Jamaican Shrimp Creamy Pasta (Print Version)

# Ingredients:

→ Pasta

01 - 225 grams fettuccine or linguine

→ Seafood

02 - 450 grams large shrimp, peeled and deveined

→ Aromatics

03 - 1 medium onion, finely chopped
04 - 2 cloves garlic, minced

→ Vegetables

05 - 1 red or yellow bell pepper, diced

→ Sauce

06 - 400 millilitres coconut milk
07 - 1 tablespoon Jamaican jerk seasoning
08 - 1 tablespoon fresh lime juice
09 - Salt, to taste
10 - Black pepper, to taste

→ Garnish & Serving

11 - 60 millilitres fresh cilantro, chopped
12 - Lime wedges, for serving

→ Oil

13 - 1 tablespoon olive oil

# Instructions:

01 - Bring a large pot of salted water to a boil. Add pasta and cook until al dente, approximately 8-10 minutes. Reserve 240 millilitres pasta water and drain.
02 - In a large skillet, heat olive oil over medium heat. Add chopped onion and sauté for 3-4 minutes until translucent. Stir in minced garlic and diced bell pepper, cooking for an additional 2-3 minutes.
03 - Increase heat to medium-high. Add shrimp to the skillet, season with salt, black pepper, and jerk seasoning. Sauté for 3-4 minutes until shrimp are pink and cooked through.
04 - Pour coconut milk and lime juice into the skillet, stirring to combine. Simmer for 3-5 minutes, allowing flavors to meld. Gradually incorporate reserved pasta water if the sauce requires thinning.
05 - Add drained pasta to the skillet and toss to evenly coat with the creamy sauce. Adjust seasoning as needed.
06 - Transfer to serving dishes.

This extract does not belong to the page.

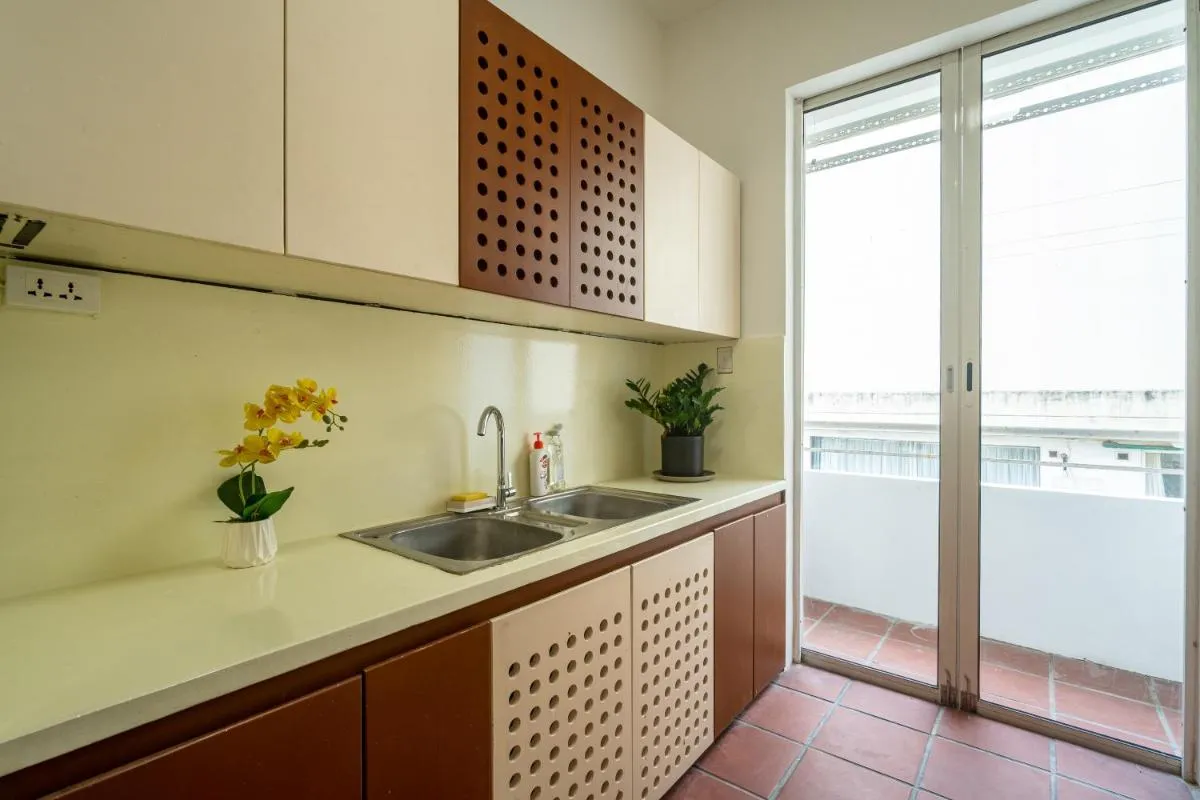 Image 2 of Spacious 2BR w/ 2 bathrooms & elevator @ downtown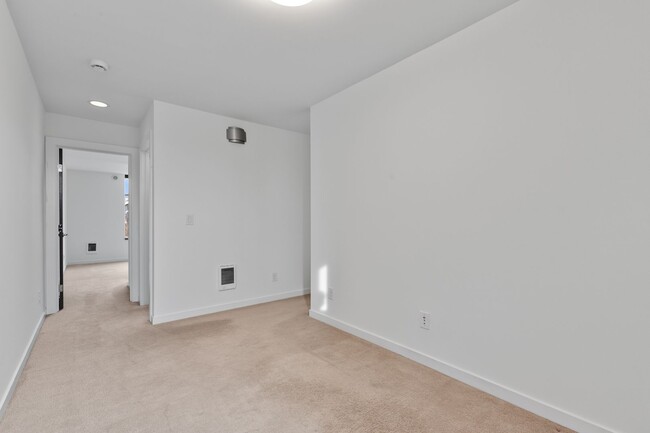 Building Photo - 2Bd/1.75Ba Seattle Townhouse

Garnish generously with chopped cilantro and serve with lime wedges on the side.

# Notes:

01 - For enhanced creaminess, incorporating a spoonful of cream cheese or mascarpone into the sauce will enrich the texture.
02 - Feel free to add vegetables such as spinach or cherry tomatoes for extra nutrition and colour.